I should probably stay in the shallows as this subject is definitely over my head... but I like the concept although maybe not the word so much.

To me "thrust" implies linearity. I'm not sure if it is straight ahead or at 180 degrees, but somehow straight. But, maybe that is just my lack of understanding technical stuff. I know that in SciFi movies they always use "thrusters" to alter the direction of stuff in orbit... which makes me think "linear" is likely my problem.

What Al's response lit up for me was the idea of a momentum change that is not linear. In casting, I think I sometimes thrust the rod forward right near the end of rotation to induce the rod tip to tighten the loop, but it seems the rod absorbs most of that input.

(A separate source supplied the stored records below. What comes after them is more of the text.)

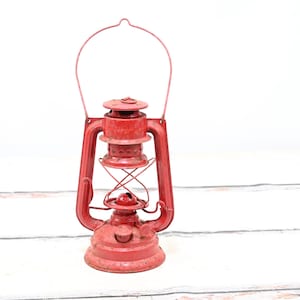 Vintage . Red Tubular Kerosene Lantern Kerosene Lamp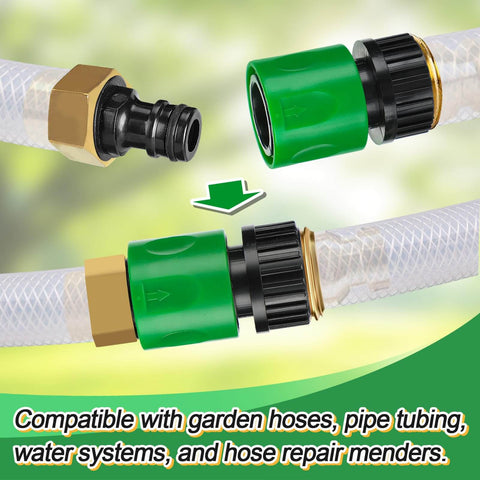 15 Piece Plastic Garden Hose Quick Connectors Set with Male and Female Fittings Three Quarter Inch US Thread in use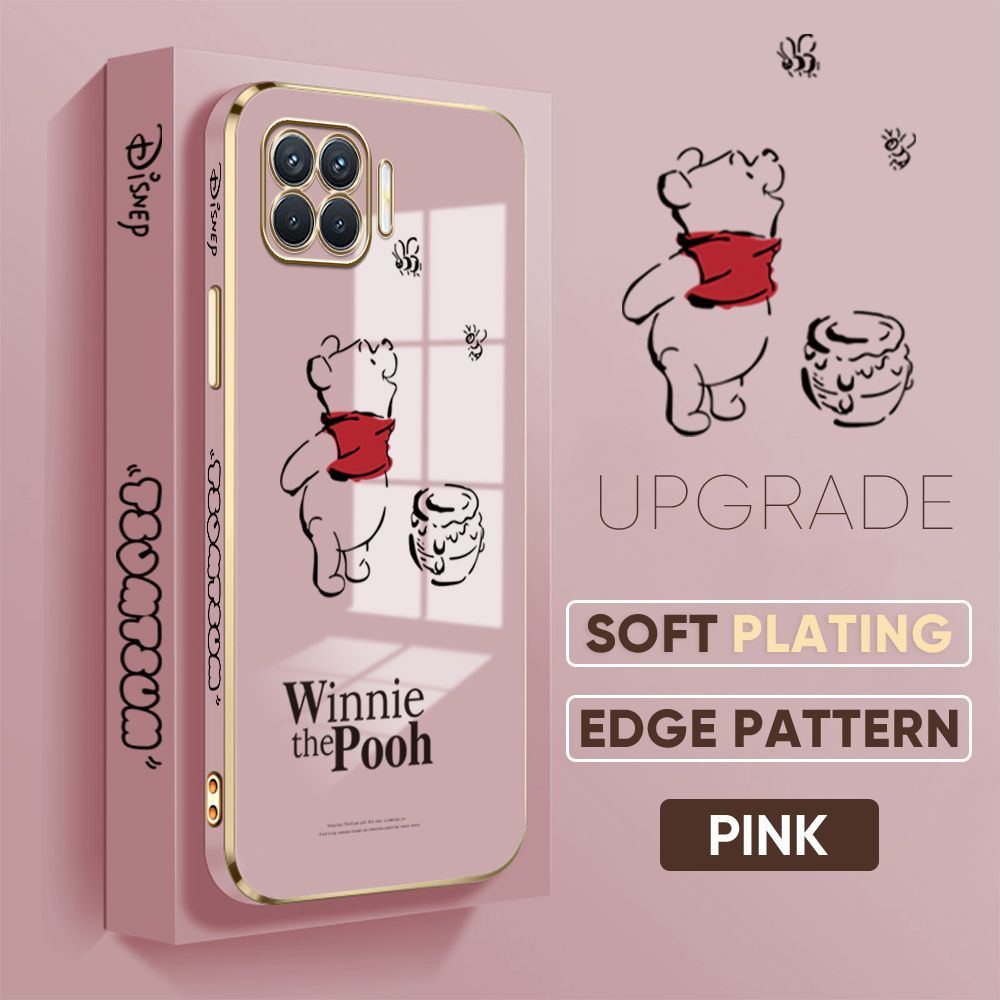 Jizetin (Free Lanyard) OPPO A93 2020 / Reno4 F / F17 Pro Back Cover Honeypot Pooh Luxury 6D Plating Case Side Pattern Soft Silicone Square Mobile Phone Cases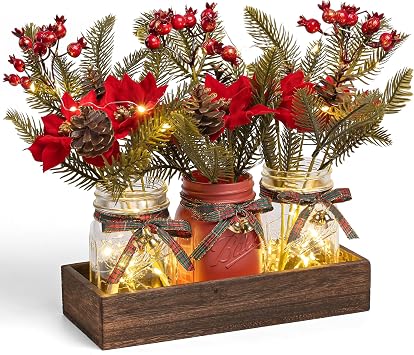 3 Pcs Mason Jar Centerpiece Decorations for Christmas Table Decor Farmhouse Coffee Table Decor Christmas Kitchen and Room Decor,Red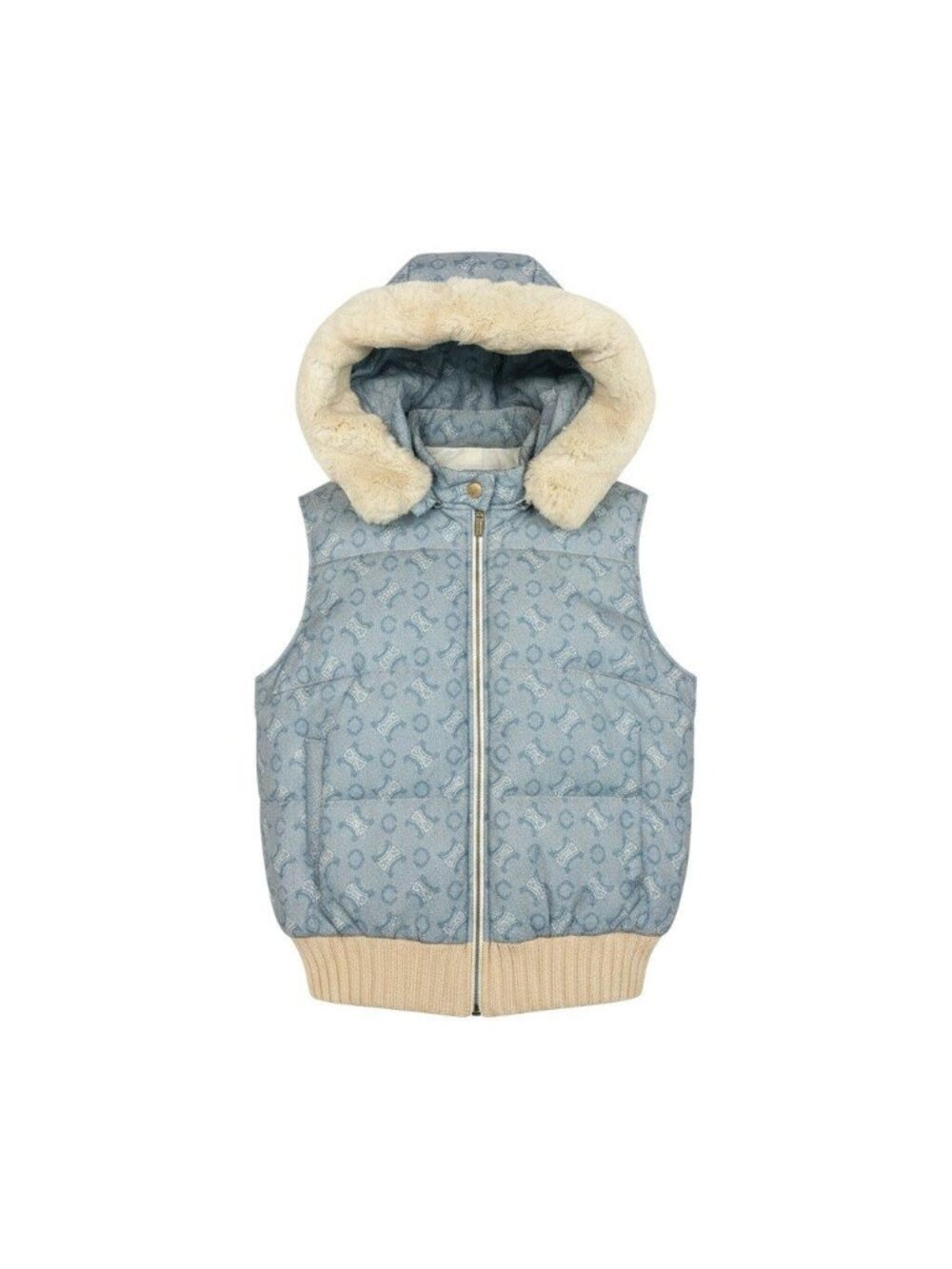 Celine Puffer Vest Macadam Pattern Rabbit Fur Blue White Nylon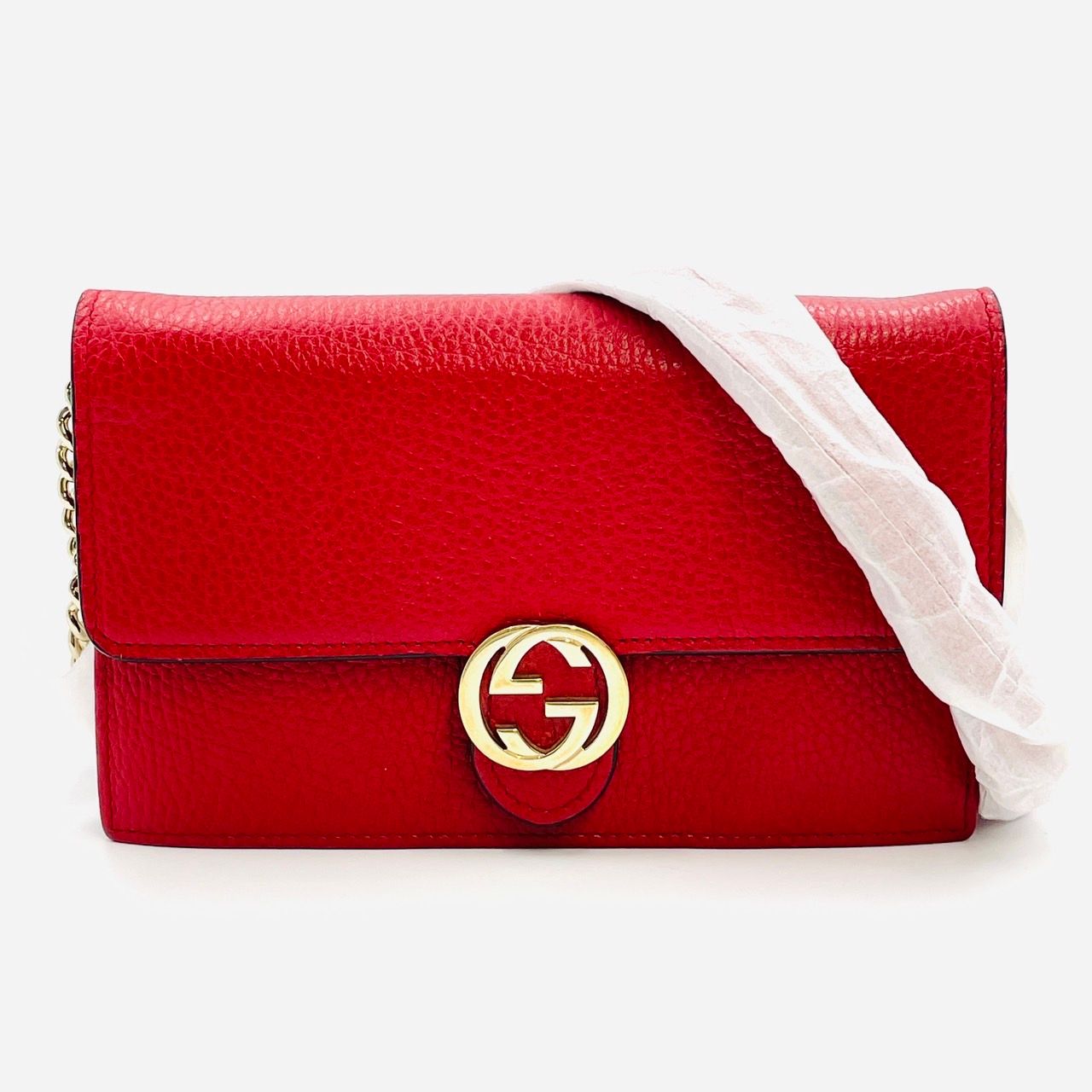 グッチ GUCCI チェーンショルダーバッグ 赤 レザー レッド 7-1-691
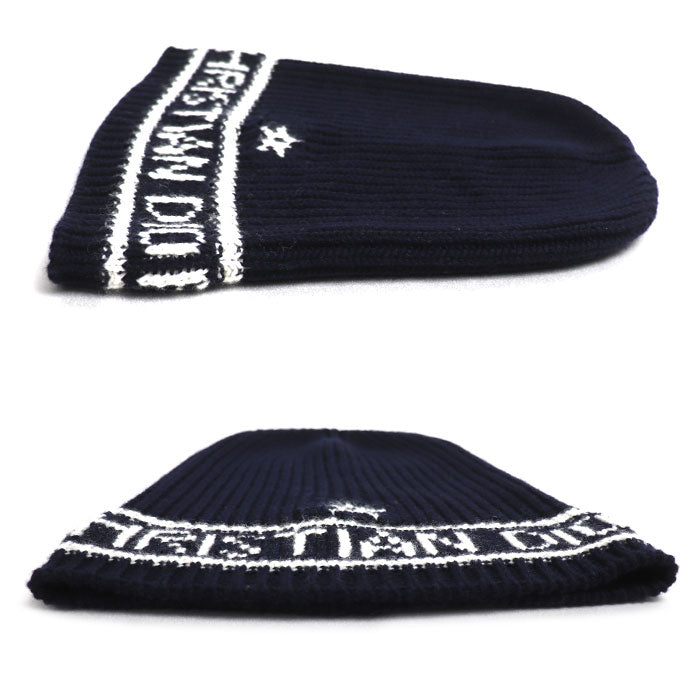 Dior ディオール ニット ウォーム レター ビーニー ニットキャップ ネイビー/ホワイト 31NOE714IXGH ユニセックス【中古】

The line's momentum doesn't seem to visibly change, the tip is just delayed.

For what I am mulling, my guess it that maybe "impulse" would be a better word? An increase in force for a short duration of time and, importantly for me, that is off linear? Force is a vector and momentum is a vector, so the line will deviate from the set path in relation to the magnitude of the impulse?

Doesn't that fit into the propagating wave thing?

The majority of momentum has been imparted to the line by translation and rotation with greater force over a longer time. A small off-linear impulse will have some effect but relatively much smaller. Isn't that what sets a wave?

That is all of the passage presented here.